Self-described moderate and liberal Republicans make up some 37 percent of the party’s grassroots, according to the survey, which said approval of Bush’s performance among this group fell sharply – from 81 percent to 60 percent – between July and the end of September. That is the same period in which the news from Iraq worsened, the government stumbled badly in response to Hurricane Katrina, and oil prices reached record highs.

Kohout, who is resolutely non-partisan, even evoked former President Richard Nixon’s fall as a relevant benchmark, noting that Nixon’s approval ratings stood at 27 percent as he became engulfed in the Watergate scandal at a comparable stage in his second term. When Nixon resigned nine months later, his approval had slipped to 24 percent.

The main difference between the two presidents, Kohout noted, was that, unlike Nixon, Bush still enjoys the support of most Republican loyalists.

The fact that Pew would compare Bush with Nixon, however, underlines the sense of desperation that seems to have taken over Republicans since the summer. Their greatest fear is that they may be facing in next year’s elections a reversal of the 1994 political earthquake that delivered both houses of Congress into their hands for the first time in half a century.

“One year before the 2006 midterm elections, Republicans are facing the most adverse political conditions of the 11 years since they vaulted to power in Congress in 1994,” the Washington Post wrote in a front-page feature analysis Sunday that put the blame squarely on “unhappiness over the war in Iraq and dissatisfaction with the leadership of President Bush”.

As in 1994, more than two-thirds of the electorate believe that the country is “pretty seriously off on the wrong track”, and, while enthusiasm for Democrats remains quite restrained, relative disapproval of Republicans is at its highest. Moreover, Democrats were rated stronger on nine of 10 major issues of concern to voters.

The one exception – and Bush’s strongest suit until last summer – concerned the “U.S. campaign against terrorism”, in which the two parties are now tied.

As noted by Los Angeles Times political columnist, Republicans also had to be very worried about Kaine’s strong performance among swing voters in suburban and exurban communities that have played a major role in the Republican rise to dominance since 1994.

The fact that he prevailed in spite of his relatively liberal views – opposition both to capital punishment (in a state that executes more convicts per capita than almost any other) and to denying public benefits to undocumented immigrants – is certain to add to Republican unease, if not panic.

Indeed, a confidential poll of 39 professional Republican political consultants conducted late last week by The National Journal found that 30 of them believed that Congressional Republicans were either “very” or “somewhat likely” to distance themselves from the White House over the coming year in order to increase their chances of re-election.

That process appears well underway, as the administration has already suffered a series of revolts from Republican lawmakers since Hurricane Katrina. And some of the specifics of the Pew poll should add to the Republican gloom.

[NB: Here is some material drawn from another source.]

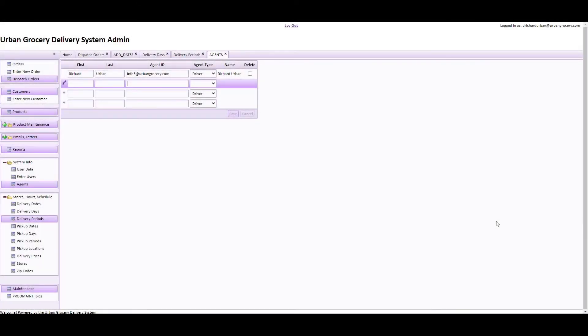Hello and welcome to this tutorial on using the GetSwift Driver Dispatch app with the Urban Grocery Delivery System. Let's get started. We're logged on to the back end of the Urban Grocery Delivery System.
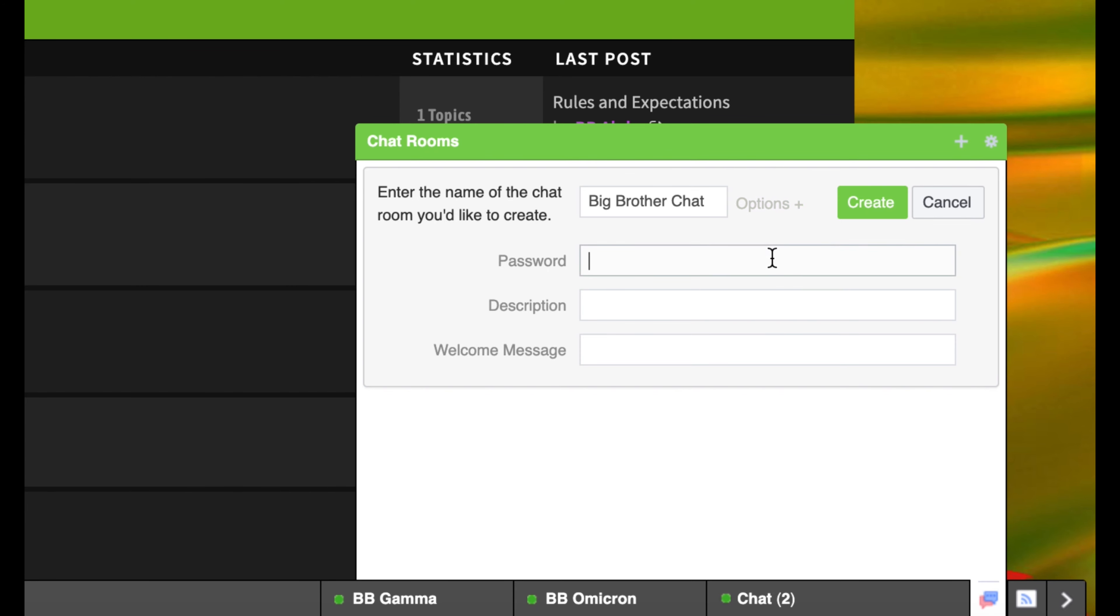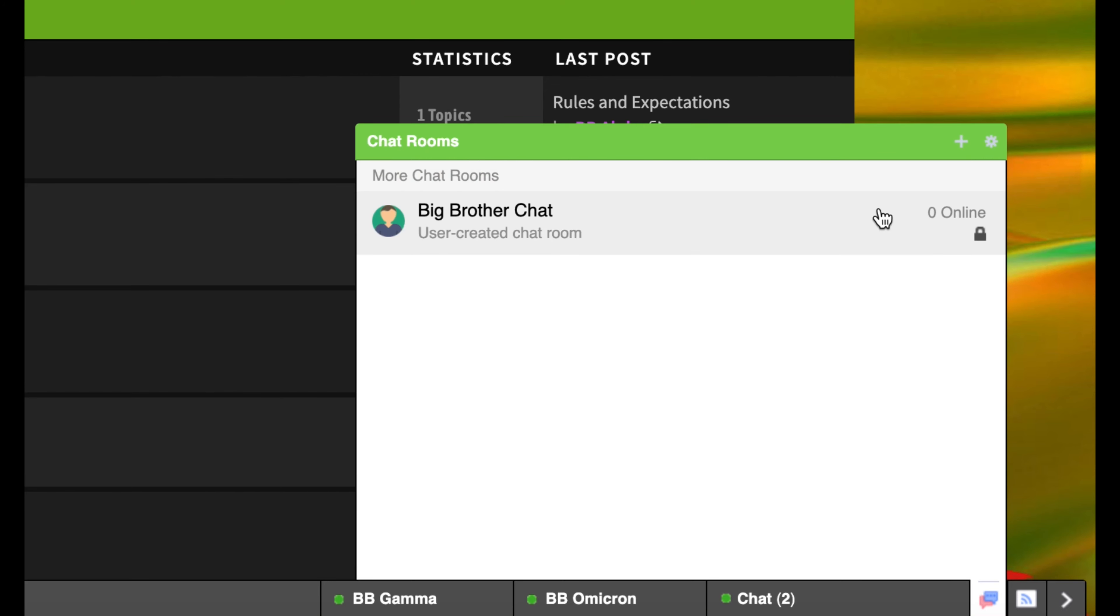In order to make your group private, you should click the options button. From there, we recommend setting a password that you only give to other chat members. Create the chat.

Although the public generally approves of Bush’s nomination for the Supreme Court, Judge Samuel Alito, it has not gained enough support to counteract more damaging developments, particularly surrounding Iraq.

According to Pew, the federal indictment 10 days ago of Vice President Dick Cheney’s former chief of staff, I. Lewis Libby, for perjury and obstruction of justice in connection with the “outing” of a covert Central Intelligence Agency (CIA) officer has had a significantly greater impact on public opinion, particularly with respect to perceptions of the administration’s honesty and credibility, than had been anticipated.

It found that a plurality of 42 percent believe that Libby, who enjoyed exceptional influence by virtue of Cheney’s unprecedented power as vice president, is guilty and that a similar plurality now believes that the administration “mostly lied” – in its pre-war rationales for invading Iraq. That marks an increase of 12 percent over the past 18 months and spells big trouble if Democrats continue to push aggressively for a major inquiry.